As we watched Sir Peter Jackson's three part "adaption" of J.R.R. Tolkien's The Hobbit with increasing reluctance, those of us who read and love The Hobbit wondered just what in the world he was doing so dear to many. Jackson's trilogy, in fact, was so bad and so far below the standards of his earlier adaption of Tolkien's The Lord of the Rings that we wondered if he had really read The Hobbit.
Now, in a behind-the-scenes feature accompanying the release of the extended edition of The Battle of the Five Armies - with which I thought he succeeded in doing what was beyond the realm of possibilities and made a movie worse than The Desolation of Smaug - Jackson has admitted what some of us guessed along: he didn't know what he was dong. As The Guardian reports:
The chaotic state of affairs on set in New Zealand helps explain why The Battle of Five Armies was pushed back by five months in 2013, from a July 2014 release date to its final December 2014 slot.
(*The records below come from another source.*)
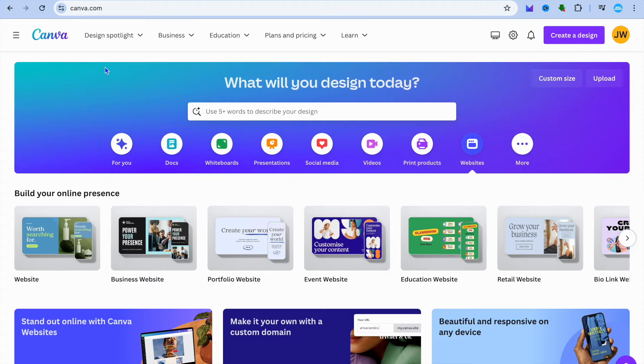Jason. In this video, I will be showing you how to make a donation website with Canva.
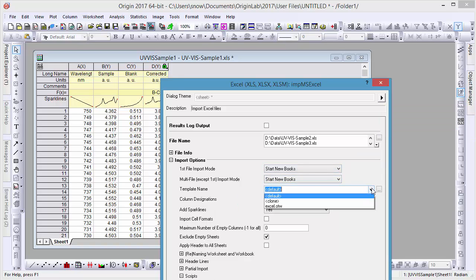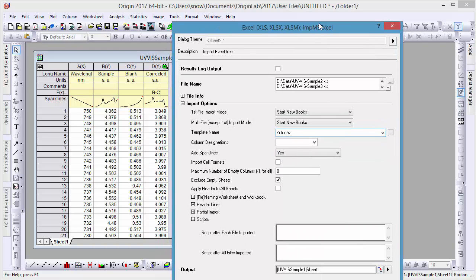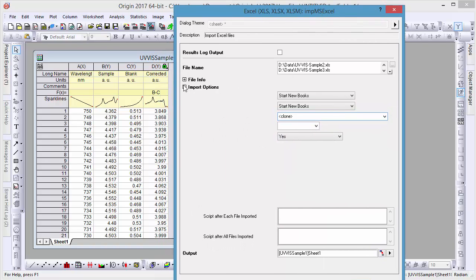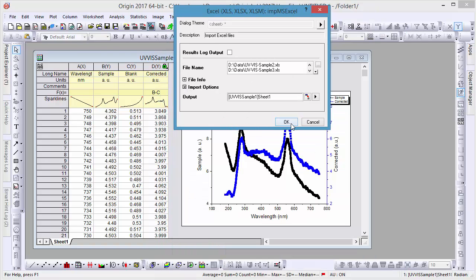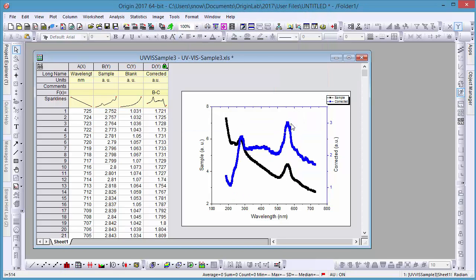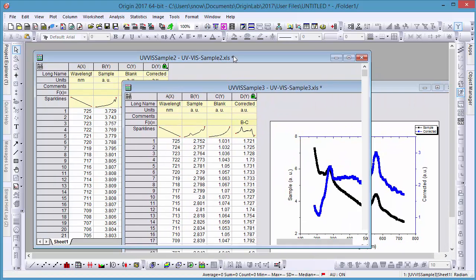Because this data is organized the same way as our previously imported data, we'll set our template to clone. With this setting, Origin will clone the active workbook and then import our new data into it. Therefore, new data will be handled the same way as the previous dataset, with column calculations and the double-Y graph updating accordingly.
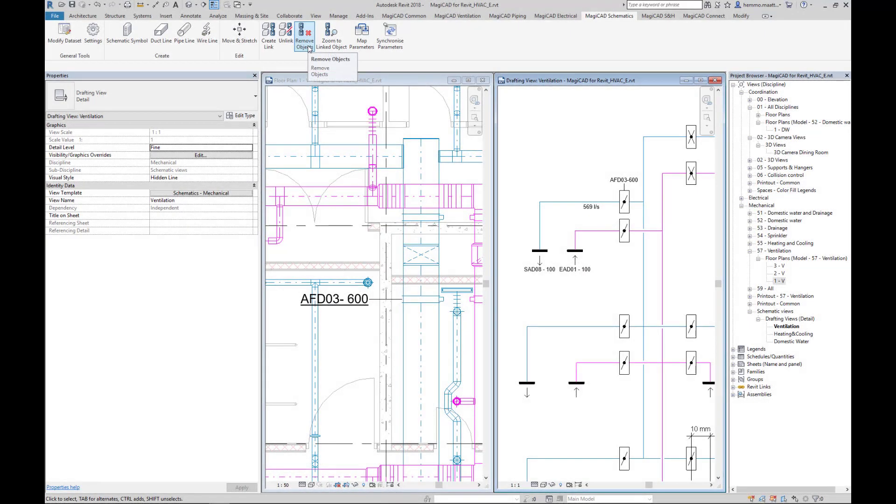In addition to Move and Stretch, the new MagiCat version introduces a new tool for better handling of situations where the symbol is linked to a device in the model.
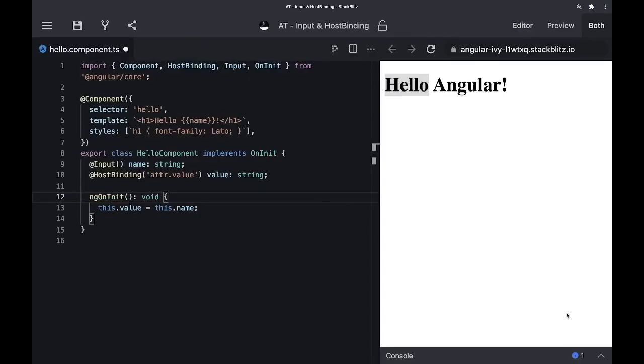Input and host binding are two great Angular features. Input allows us to accept a value in a component, host binding will enable us to bind a value to the component's host.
Jackson explains he “winged it” right up until the film’s climactic battle but was eventually forced to concede that production would have to be called to a halt while he worked out how to shoot it.“We had allowed two months of shooting for that in 2012, and at some point when we were approaching that I went to our producers and the studio and said: ‘Because I don’t know what the hell I’m doing now, because I haven’t got storyboards and prep, why don’t we just finish earlier’[more]?
There are several parts of The Silmarillion and stories from The Book of Lost Tales I would love to see adapted into a movie. If it ever happens, I only hope Jackson has no part in it.